Is this you: Too many ideas?

Too many ideasMost of my creativity work is involved with helping people and businesses come up with more and better ideas for their work, their lives, their businesses, to help them innovate, develop new products or new ways of working.

But sometimes I hear this: “but I don’t have a problem coming up with ideas. My problem is I just have too many and don’t don’t which to implement.”

Is this you?

From time to time, it’s certainly me. I have two finished feature film scripts, ideas for three other films, ideas for four novels, twenty finished short stories, hundreds of songs that need recording, dozens of recorded songs that need uploading to iTunes, three business ideas for Dragon’s Den, three big marketing ideas for my own business, three non-fiction books three-quarters finished, ideas for three more non-fiction books, ideas for three public events and three ideas for some big corporations that could innovate their businesses.

That’s quite plainly too much to work on today.
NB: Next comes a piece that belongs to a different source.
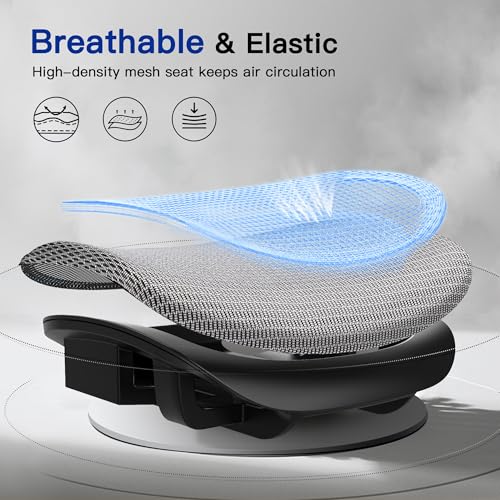 Black Ergonomic Mesh Gaming Chair with Headrest O660638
Too much to work on this week. I couldn’t get all that lot done in a month and the fact that some of those ideas have been hanging around for ten years tells me a decade isn’t even going to crack it.

It’s obvious that I have too many ideas to do before 2022. If I could work on them all full time, maybe I’d break the back of the to-do list by Christmas 2014, or perhaps not.

Because let’s face it, developing and working on speculative ideas can never really be our full-time role. Most of the time we have to get the donkey work done, the bread and butter, sort out family life, keep the wolf from the door, pay the bills, work for the Man, please the boss, firefight, ambulance chase, deal with people, manage stuff and generally ‘get on’. Only a lucky few have the luxury to sit back and pick and choose from their creative list or religiously work through every single idea one by one without distraction.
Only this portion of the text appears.